そこは「もう、ルシアンのえっち❤️」って言わせるとこだろ!?


NGワードゲームも……なぜ「神の悪口」がNGワードなんだ!?誰も言わんわ!!


人狼ゲームですら……!せっかく俺様が小細工してアンジュちゃんと二人きりにしてやったのに……「不合理ですね」で終了!?


「クソッ!! お前ってやつは……!!」


ルチアーノは血走った目でパソコンを開き、新たな『初恋成就計画』を練り始めた。





その頃、アンジュ――ガブリエルのリビング。


ソファにちょこんと座るロクシーは、落ち着かない様子だった。


曰く、渋谷の山手線ゲームの時にルチアーノへアンジュのサインを頼んだが、待てど暮らせど返事がない。

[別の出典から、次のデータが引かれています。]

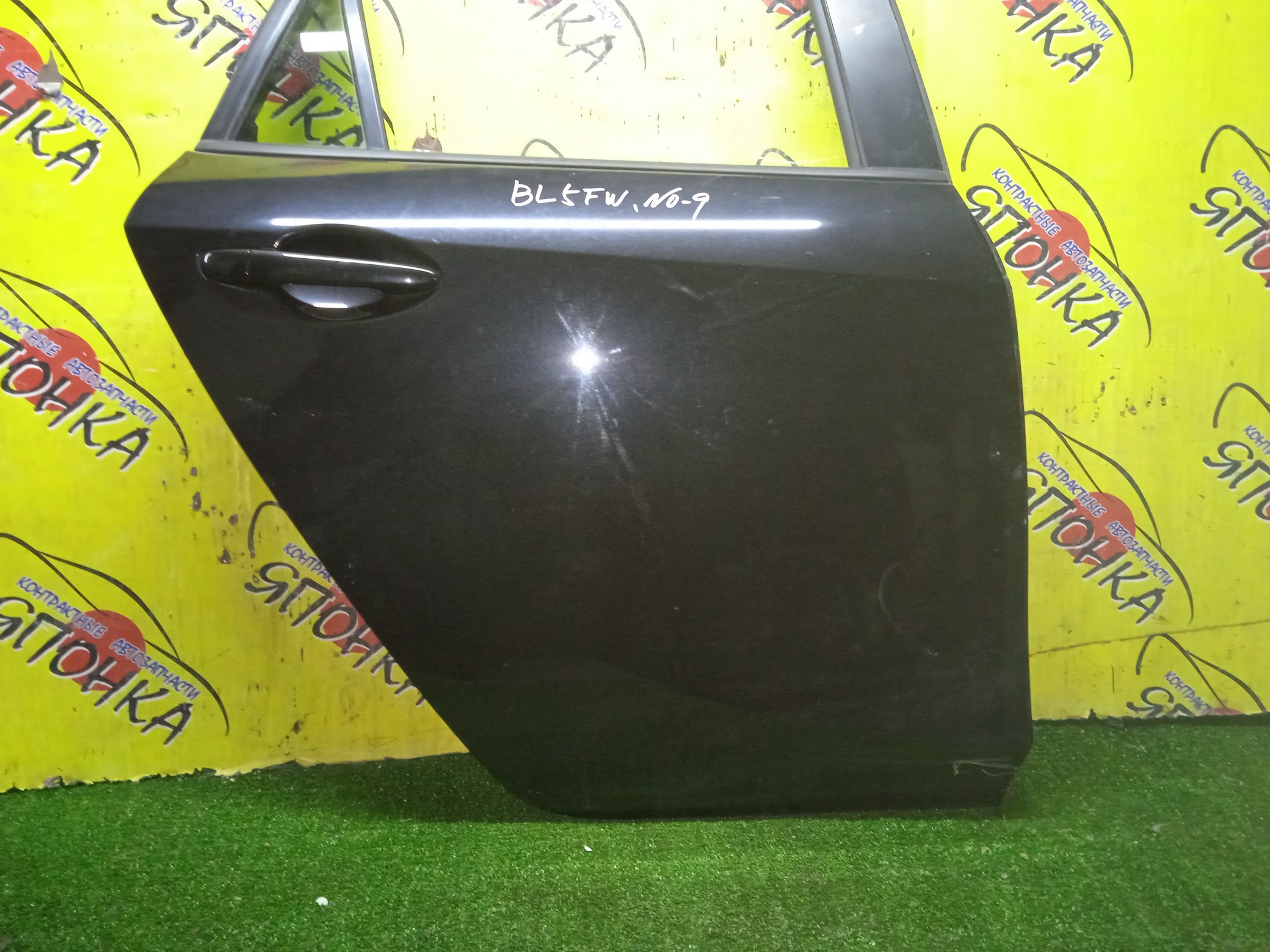 ДВЕРЬ БОКОВАЯ/MAZ/AXELA/MAZDA3/BLEFW/BLFFW/BL5FW/BBY67202X/B/R/HATCHBACK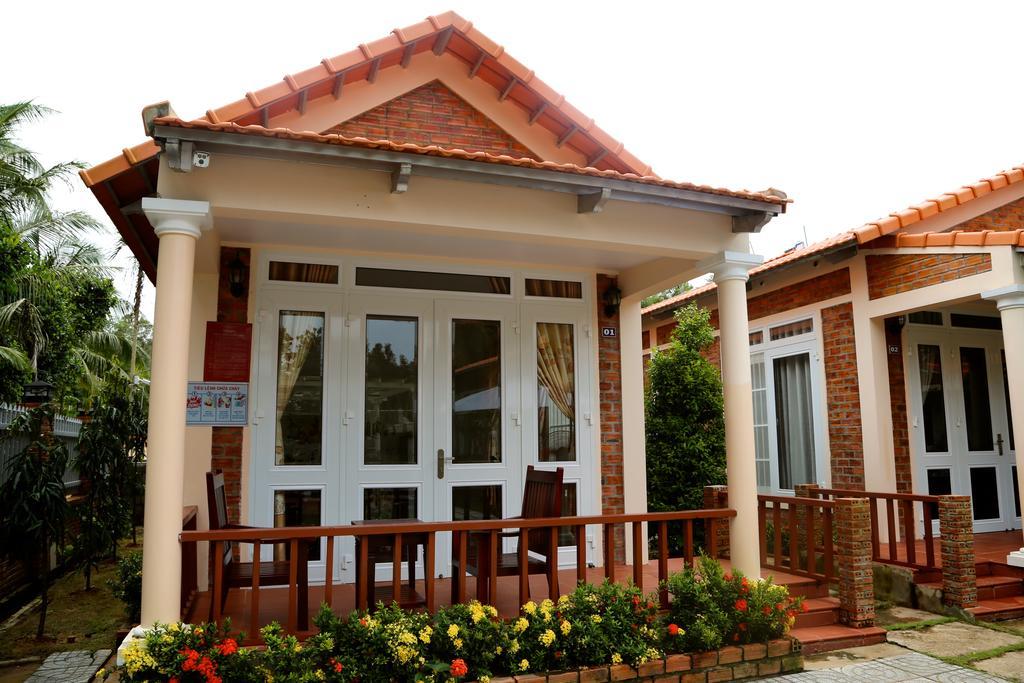 Sun Viet Bungalow Phu Quoc Esterno foto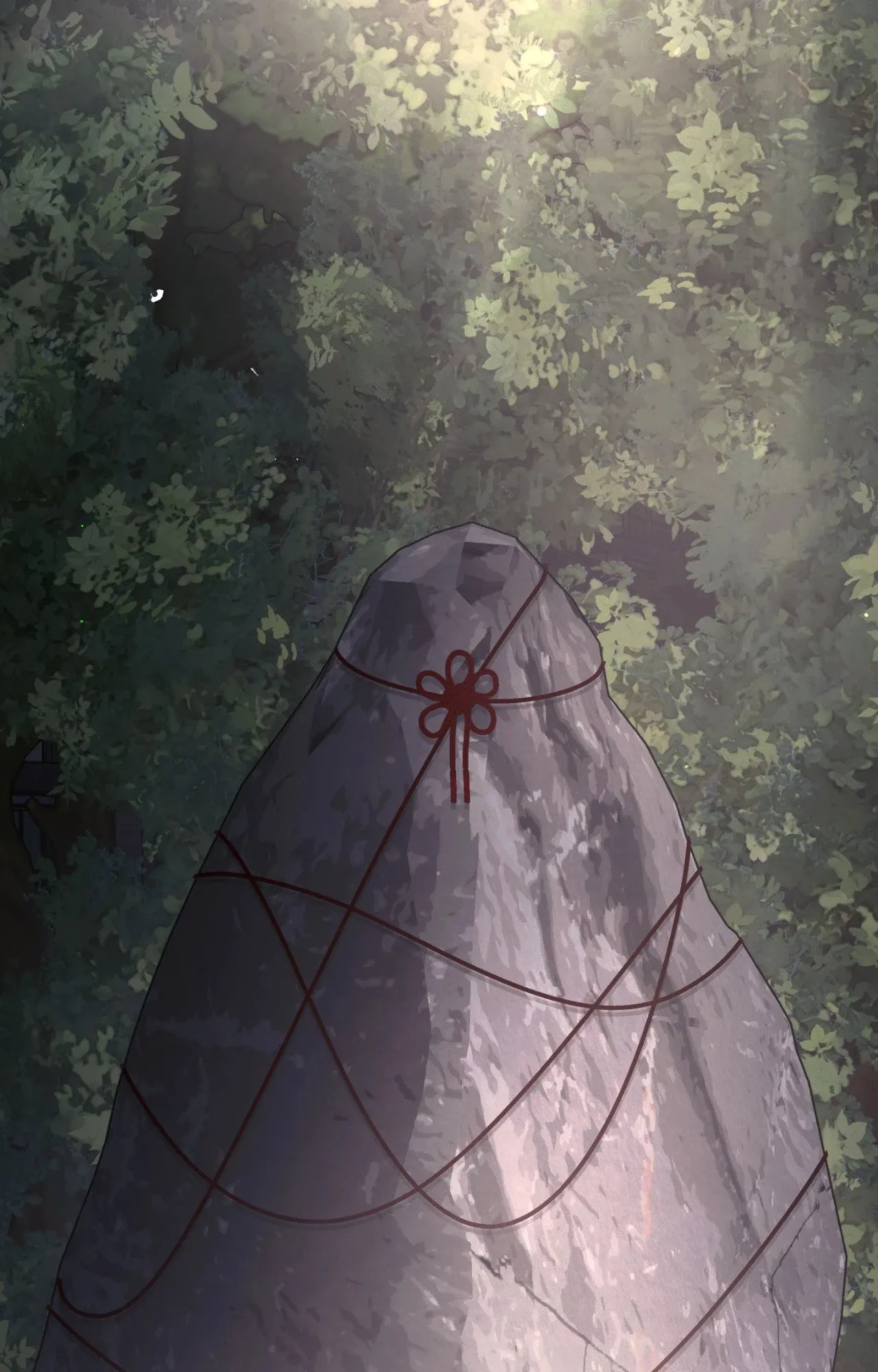 Red String Quests เควสต์ด้ายแดง ตอนที่ 2696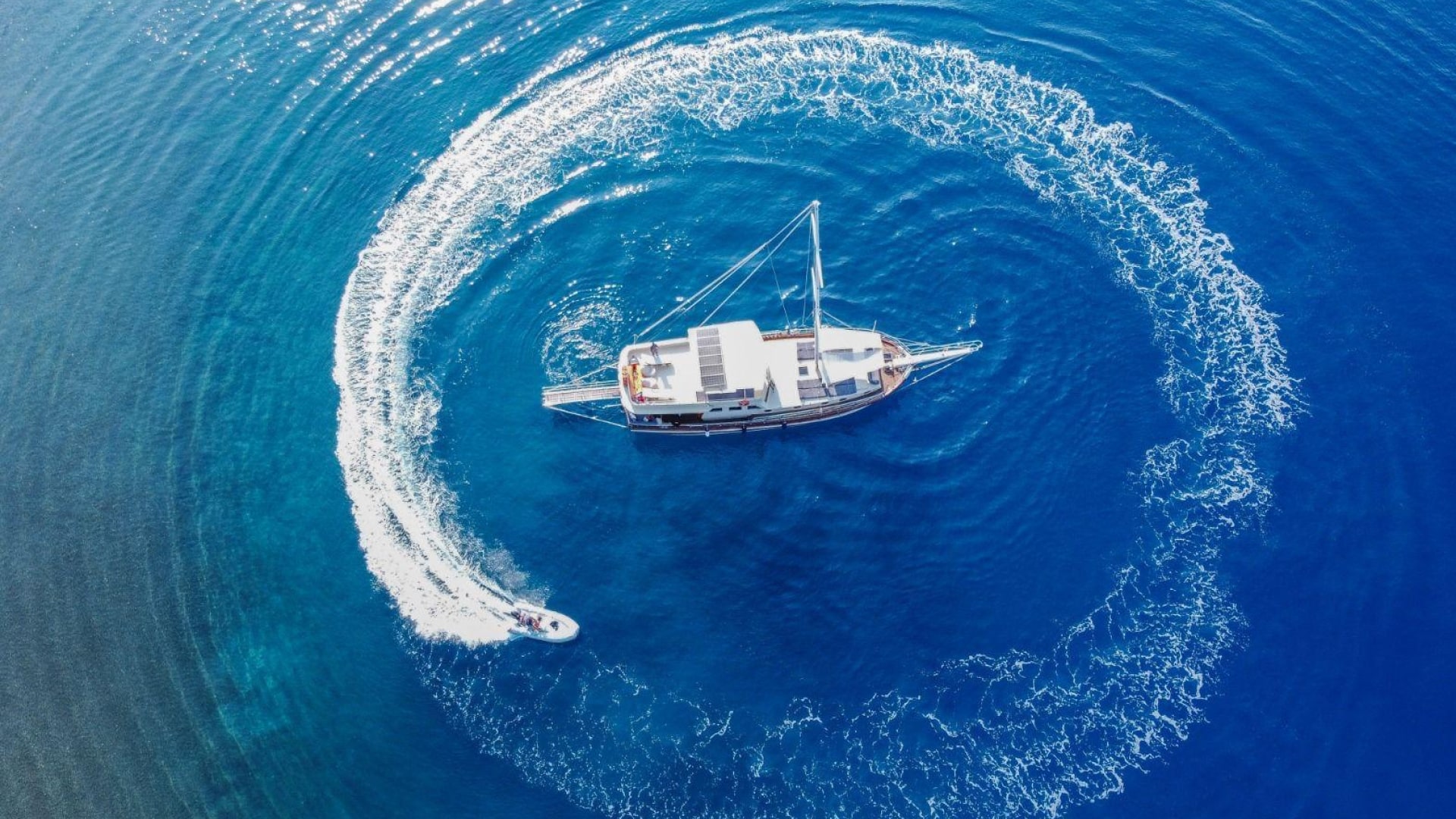 Söğüt Lux Gulet Tekne Turu 4 Kabin 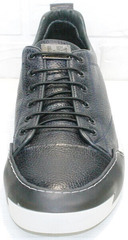Удобные кроссовки на каждый день демисезонные мужские Luciano Bellini C6401 TK Blue.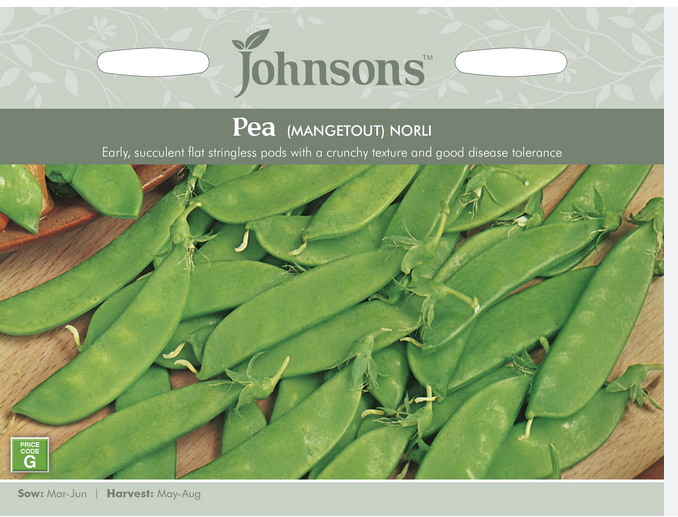 Pea - Mangetout Nori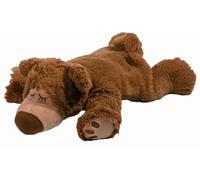 Warmies ours en peluche chaud 32 cm marron Marron G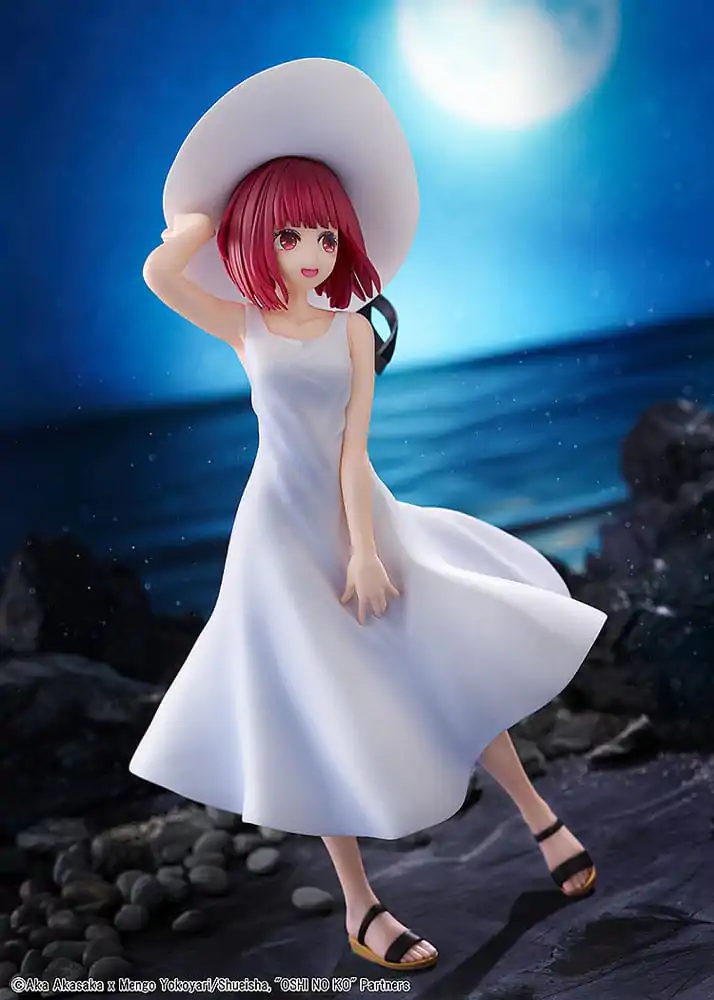 Oshi no Ko PVC kip Kana Arima "Full moon...!" Ver. 18 cm fotografija izdelka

無駄な時間と金は嫌い。だから仕事でハリウッドに来たついでに、直接会いに来た――とのこと。


ガブリエルは思わず思った。


……良いなあ、この人間。私もズバッと言いたい。


神の新たなる儀式を試す尊き行いはいくらでもしよう!この身を捧げても!


だが――ルシアン!ルシアンだけは外してもらえないか!?


ふうっとため息をつくと、ロクシーが「どうかしました?」と首をかしげる。


気付けば口から出ていた。


あれからもゲームが続いていること。

ゲーム自体は嫌ではないが、苦手な人が混じっていることを。


ロクシーの目がまん丸くなる。


――あれからも続いてる!?二週間も!?

ルチアーノ……あんた何やってんのよ!?


「分かりますっ!ルチアーノは本当にウザいですよね!」


しかしガブリエルは首を横に振った。


美しく揺れるブロンドの髪。儚げな横顔。


……ん?ちょっと待って。


ルチアーノが言ってたのは、確か「ルシアンを褒める山手線ゲーム」……。

じゃあアンジュさんが苦手なのって……まさか……!?


「え!?もしかして……アンジュさんって、ルチアーノよりルシアンが苦手なんですか!?」


真意を突かれ、目が泳ぐガブリエル。


ロクシーは確信に満ちた声で言い放った。


「分かりますよ!

どんなに良い人でも、どんなにイケメンでも――『何か無理』って男はいます!

女子あるあるですよね!

アンジュさんは……ルチアーノよりルシアンが『何か無理』なんですね!」





――アンジュさんは、ルチアーノよりルシアンが『何か無理』なんですね!――


その声が、水晶玉を覗いていたルチアーノの耳にも届いた。


「……っ!?」


水晶玉を取り落とし、ギンギラの金色ソファに倒れ込む。


何ということだ……!!

アンジュちゃんは……俺様に惚れてしまった……!?


ズッ友ルシアンを応援しようとしていた健気な俺様に……!?


ああ……辛い!辛すぎる!!

俺様の魅力がズッ友を上回ってしまうとは……!!


だが――アンジュちゃんクラスの美女ならば、俺様を選んでしまうのは天の理レベルで当然ッ!!


……だが、ズッ友ルシアンは裏切れない……!


俺様のリリカルが叫んでいる……!!


「アンジュちゃん……!ルシアンより俺様を選んだのか……!分かる!だよな!

でも……ルシアンは俺様のズッ友……」


ルチアーノはギラギラと悩みを抱えながら――新たな決意を胸に刻んだ。


その日、地上と地獄で、二つの決意が固まった。